--- Your assignment ---
In the entries below, find the line containing "Можно ли садить" and the line containing "من روائع القران". Copy those two lines and everything between them exactly, without the pictures.

--- Dataset entries ---
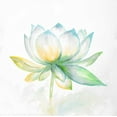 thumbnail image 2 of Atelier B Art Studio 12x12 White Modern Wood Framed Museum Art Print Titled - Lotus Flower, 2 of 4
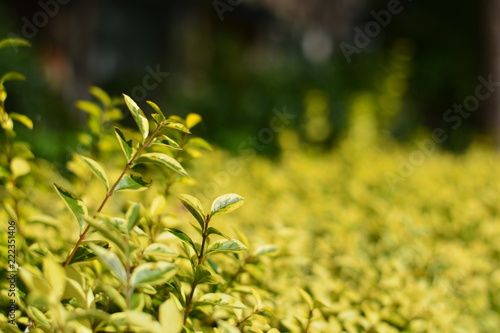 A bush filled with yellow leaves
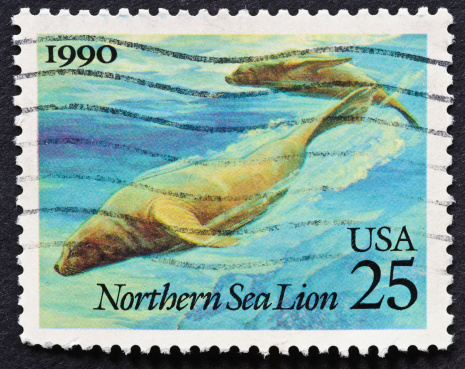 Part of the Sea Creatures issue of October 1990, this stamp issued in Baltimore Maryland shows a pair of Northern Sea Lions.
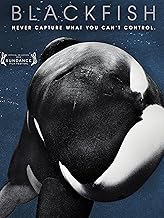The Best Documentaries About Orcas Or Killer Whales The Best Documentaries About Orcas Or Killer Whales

==

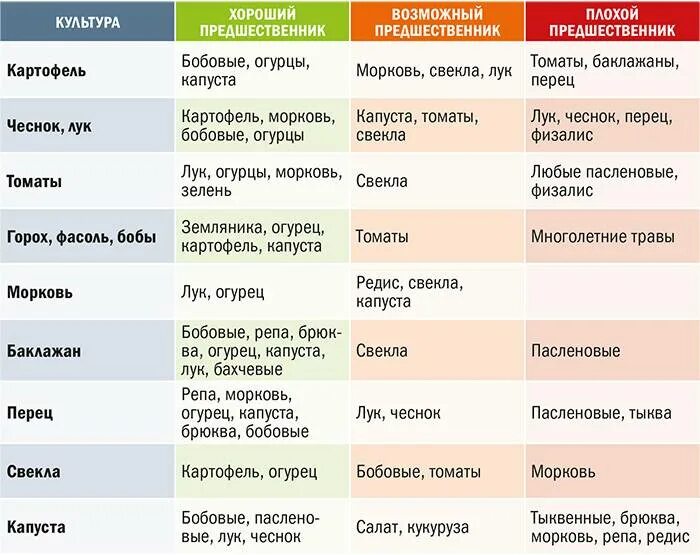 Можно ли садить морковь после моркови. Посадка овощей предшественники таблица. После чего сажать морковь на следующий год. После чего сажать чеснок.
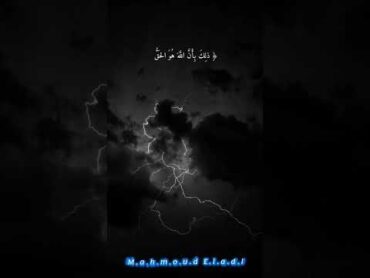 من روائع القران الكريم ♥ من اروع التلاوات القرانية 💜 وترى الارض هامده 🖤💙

--

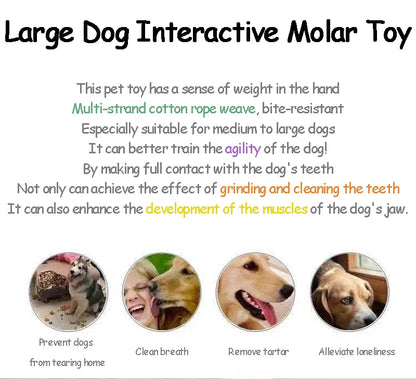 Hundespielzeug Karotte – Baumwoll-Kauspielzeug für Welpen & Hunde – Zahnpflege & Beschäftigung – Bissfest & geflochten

--- Written solution ---
 Можно ли садить морковь после моркови. Посадка овощей предшественники таблица. После чего сажать морковь на следующий год. После чего сажать чеснок.
 من روائع القران الكريم ♥ من اروع التلاوات القرانية 💜 وترى الارض هامده 🖤💙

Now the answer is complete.